§ **Information shown**:
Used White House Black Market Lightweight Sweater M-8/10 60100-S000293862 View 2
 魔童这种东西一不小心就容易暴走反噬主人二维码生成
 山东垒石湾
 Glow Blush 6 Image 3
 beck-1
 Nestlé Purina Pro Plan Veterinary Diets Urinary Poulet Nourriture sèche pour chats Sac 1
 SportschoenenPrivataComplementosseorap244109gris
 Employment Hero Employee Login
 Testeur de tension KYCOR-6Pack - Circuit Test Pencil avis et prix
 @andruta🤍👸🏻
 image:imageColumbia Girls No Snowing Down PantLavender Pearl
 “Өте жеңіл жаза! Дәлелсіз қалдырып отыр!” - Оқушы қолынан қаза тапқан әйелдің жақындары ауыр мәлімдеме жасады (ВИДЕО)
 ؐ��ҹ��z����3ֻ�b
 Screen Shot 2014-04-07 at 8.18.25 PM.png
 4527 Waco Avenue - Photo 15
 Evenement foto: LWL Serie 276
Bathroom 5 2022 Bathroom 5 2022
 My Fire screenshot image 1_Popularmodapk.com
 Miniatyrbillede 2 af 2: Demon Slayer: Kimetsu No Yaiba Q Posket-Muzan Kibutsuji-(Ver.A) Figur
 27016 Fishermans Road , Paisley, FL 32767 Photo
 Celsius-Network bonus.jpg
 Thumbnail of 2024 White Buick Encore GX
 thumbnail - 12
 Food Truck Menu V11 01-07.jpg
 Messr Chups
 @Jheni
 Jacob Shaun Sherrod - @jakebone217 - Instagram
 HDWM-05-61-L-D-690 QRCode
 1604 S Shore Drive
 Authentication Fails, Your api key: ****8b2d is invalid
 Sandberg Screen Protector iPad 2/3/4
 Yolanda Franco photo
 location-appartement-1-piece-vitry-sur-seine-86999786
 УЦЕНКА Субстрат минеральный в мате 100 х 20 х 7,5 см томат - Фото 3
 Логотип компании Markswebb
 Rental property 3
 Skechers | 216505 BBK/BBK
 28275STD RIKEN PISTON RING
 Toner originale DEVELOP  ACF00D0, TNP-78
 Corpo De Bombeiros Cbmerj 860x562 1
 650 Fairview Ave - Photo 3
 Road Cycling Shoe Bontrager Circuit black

§ **What needs to be done**: For the string "White", go line by line through the material and copy every line that has it.

§ **Task answer**:
Used White House Black Market Lightweight Sweater M-8/10 60100-S000293862 View 2
 Thumbnail of 2024 White Buick Encore GX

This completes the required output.